EXERCISE DIRECTIONS: Please find the line that holds "リトルミイ フラワーエコバッグ、ぷっくりシール" below and reproduce it, along with every line after it through the end, exactly and without pictures.

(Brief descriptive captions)

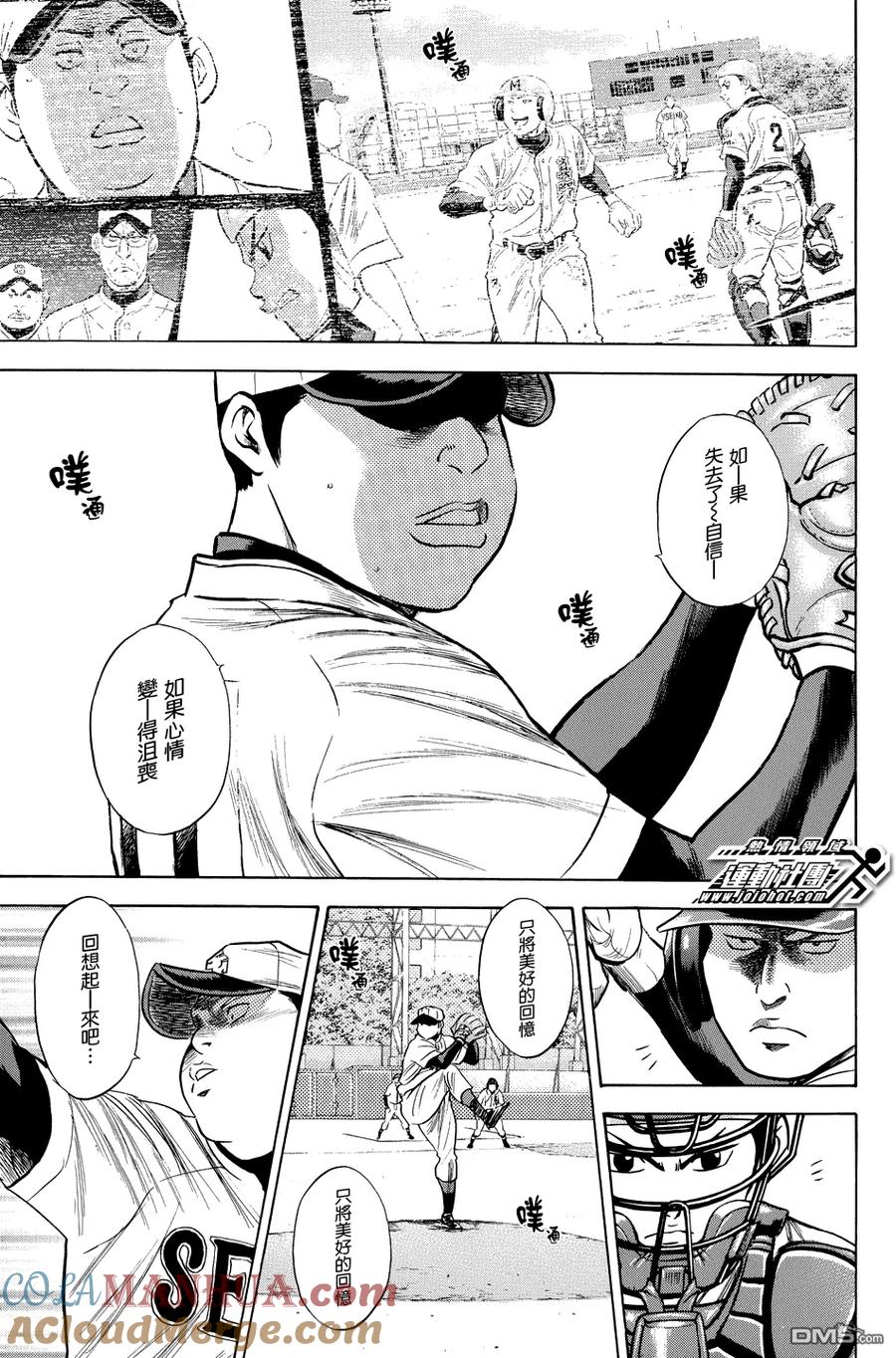 钻石王牌 - 第332话 他 - 第11张图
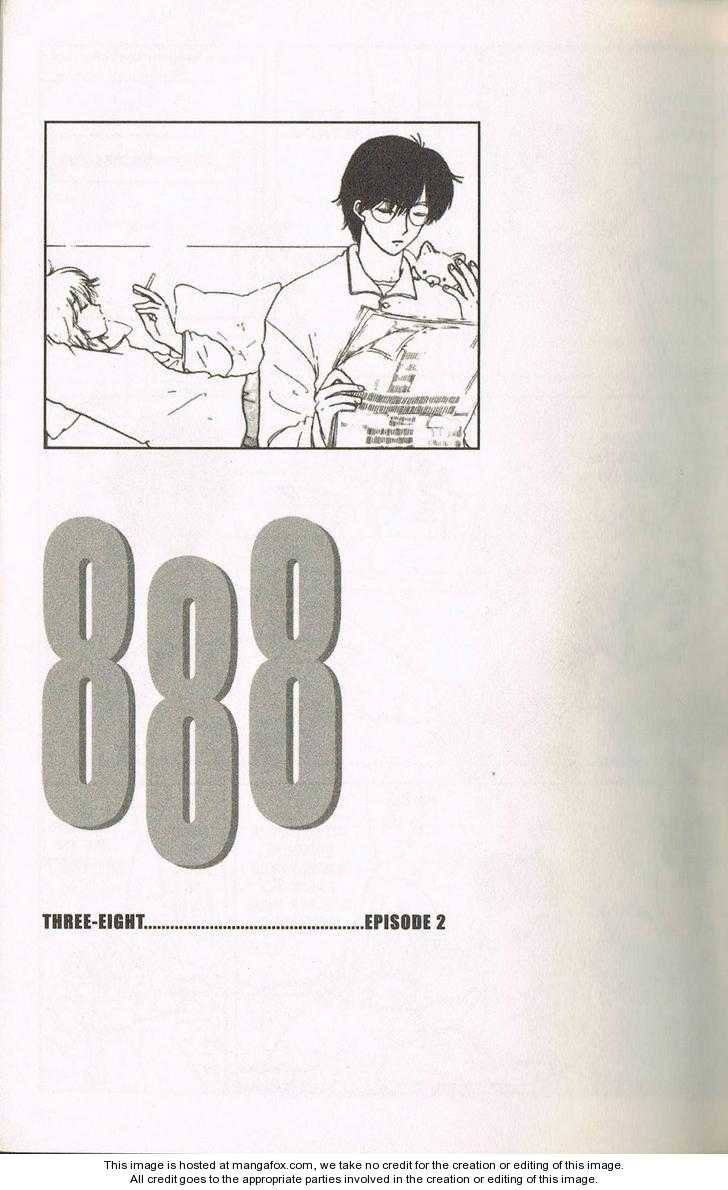 888 2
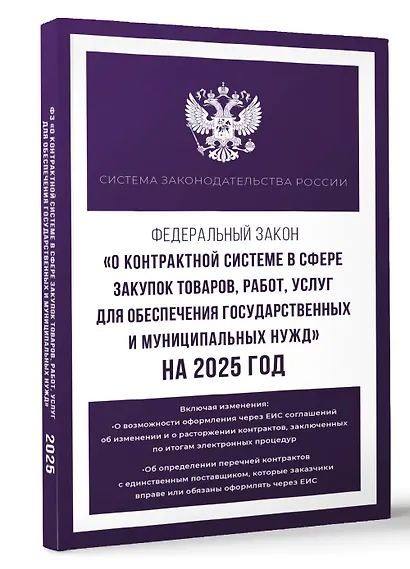 Федеральный закон "О контрактной системе в сфере закупок товаров, работ, услуг для обеспечения государственных и муниципальных нужд" на 2025 год - фото 3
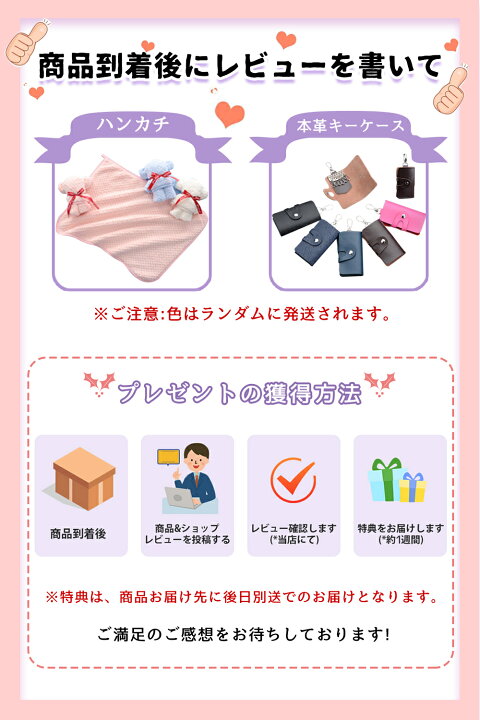 楽天市場】日本語取扱説明書・豆乳メーカー 洗いやすい 豆乳マシーン 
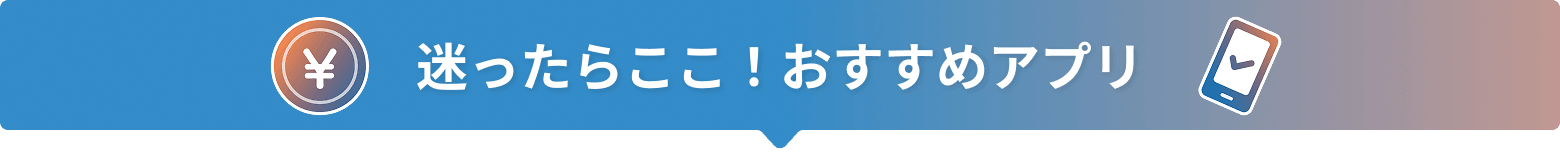 おすすめアプリのタイトル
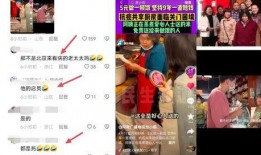 谁爆料共享厨房视频播放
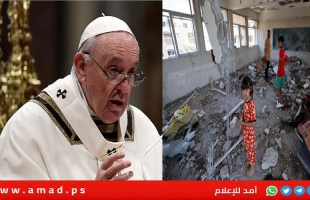 بابا الفاتيكان يندد بقيام جيش الاحتلال قتل أطفال غزة: عمل قبيح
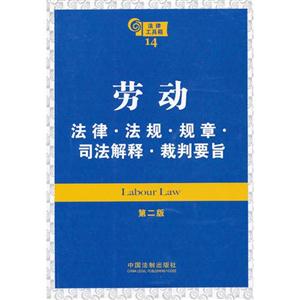 勞動法律法規規章司法解釋裁判要旨法律工具箱14第二版 勞動法律法規規章司法解釋裁判要旨法律工具箱14第二版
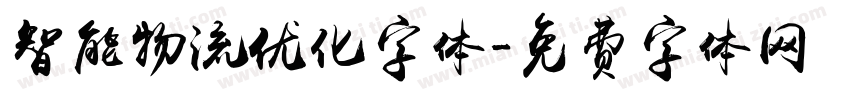智能物流优化字体字体转换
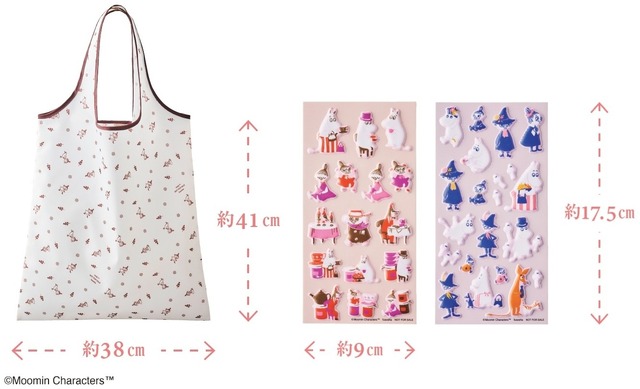 リトルミイ フラワーエコバッグ、ぷっくりシール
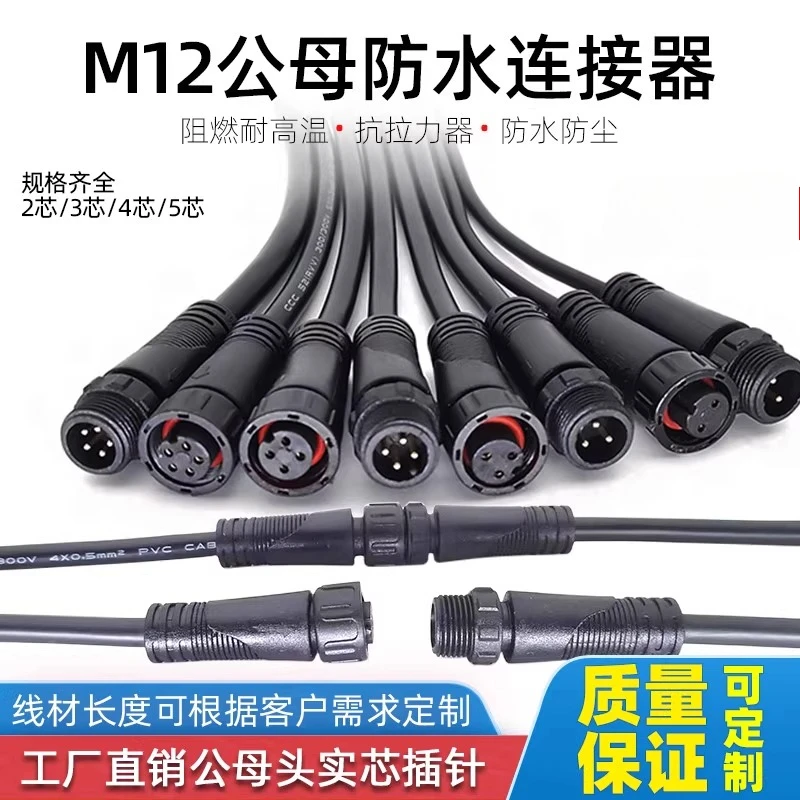 M12 waterproof male and female docking plug aviation industry socket 2 core 3/4/5 core automotive quick connector
M12 waterproof male and female docking plug aviation industry socket 2 core 3/4/5 core automotive quick connector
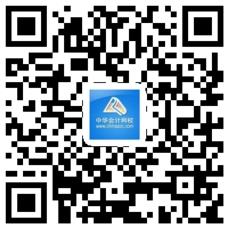 河北考生滿足什么條件可以免試2018年注冊會計師考試？具體步驟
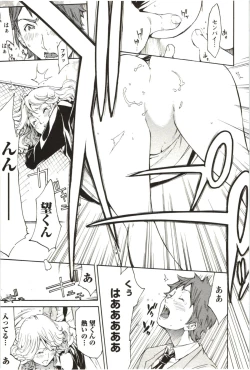 Page 140 of Marumantachi-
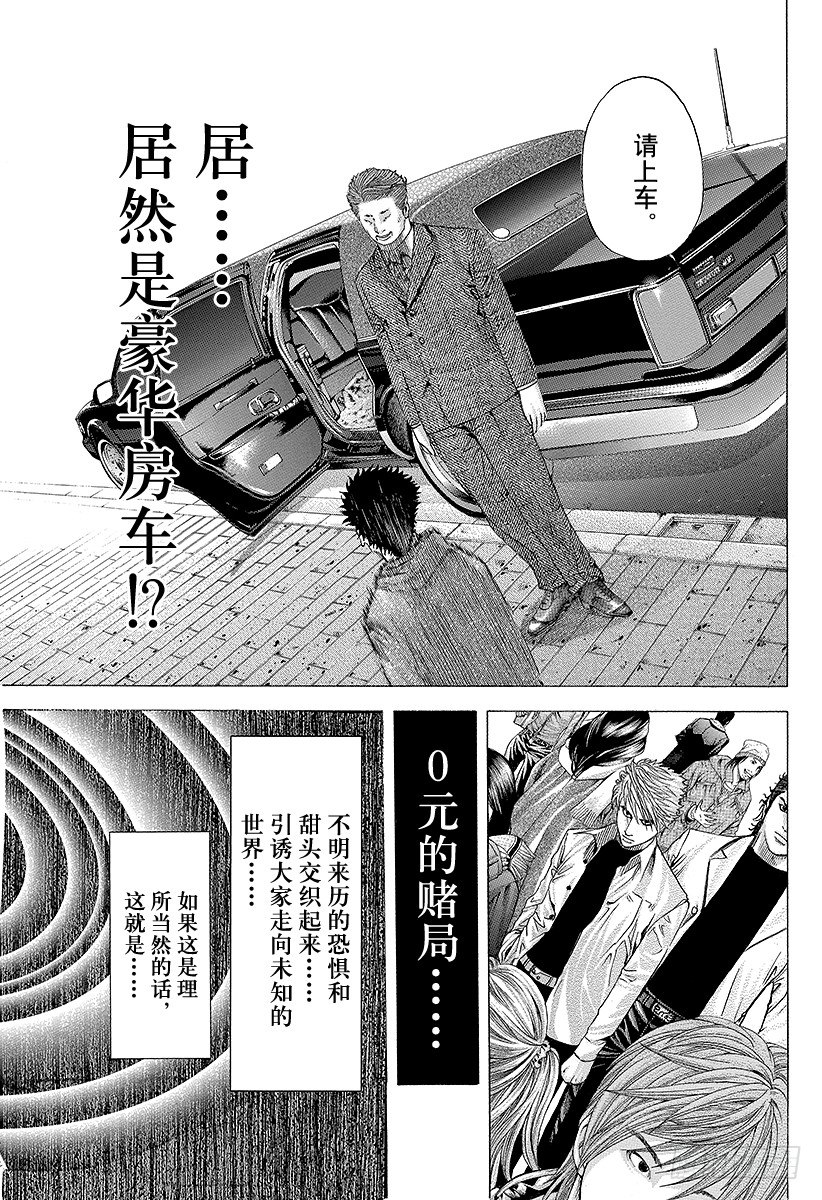 第81话 命运的一线16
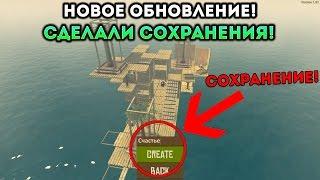 НОВОЕ ОБНОВЛЕНИЕ RAFT! СДЕЛАЛИ СОХРАНЕНИЯ! - Raft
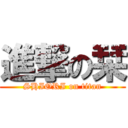 進撃の栞 (SHIORI on titan)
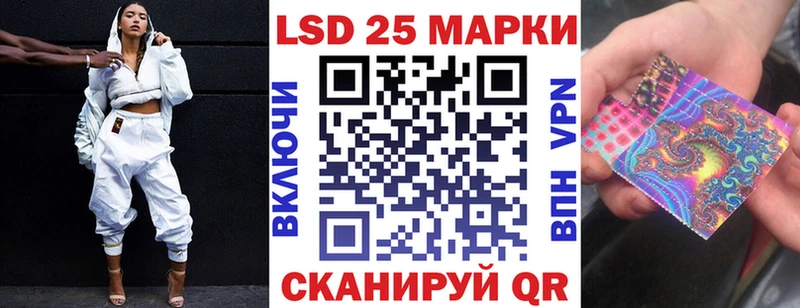 Марки NBOMe 1500мкг  hydra ONION  Миасс 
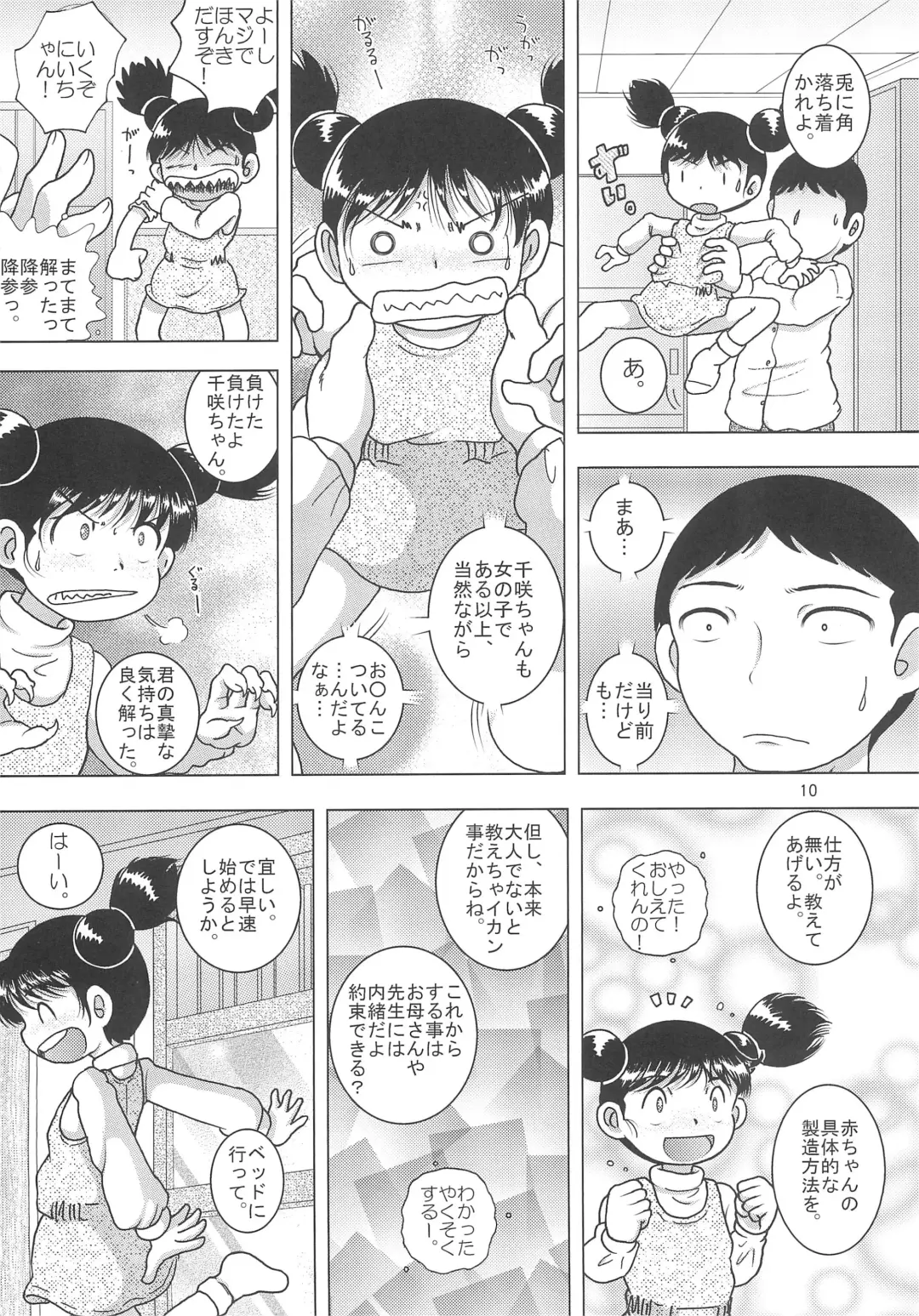 [Tako Kuboh] Tenran Youkan Fhentai - Page 10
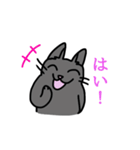 ミミちゃんず（個別スタンプ：6）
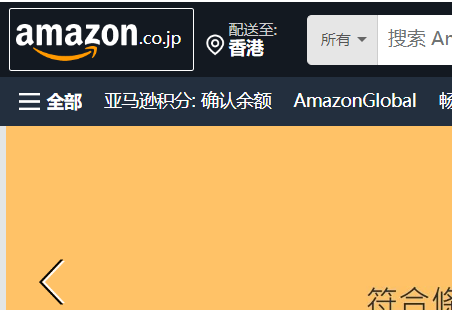 亚马逊日本站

RESPONSE AREA:
 リトルミイ フラワーエコバッグ、ぷっくりシール
 M12 waterproof male and female docking plug aviation industry socket 2 core 3/4/5 core automotive quick connector
M12 waterproof male and female docking plug aviation industry socket 2 core 3/4/5 core automotive quick connector
 河北考生滿足什么條件可以免試2018年注冊會計師考試？具體步驟
 Page 140 of Marumantachi-
 第81话 命运的一线16
 НОВОЕ ОБНОВЛЕНИЕ RAFT! СДЕЛАЛИ СОХРАНЕНИЯ! - Raft
 進撃の栞 (SHIORI on titan)
 Марки NBOMe 1500мкг  hydra ONION  Миасс 
 [Tako Kuboh] Tenran Youkan Fhentai - Page 10
 ミミちゃんず（個別スタンプ：6）
 亚马逊日本站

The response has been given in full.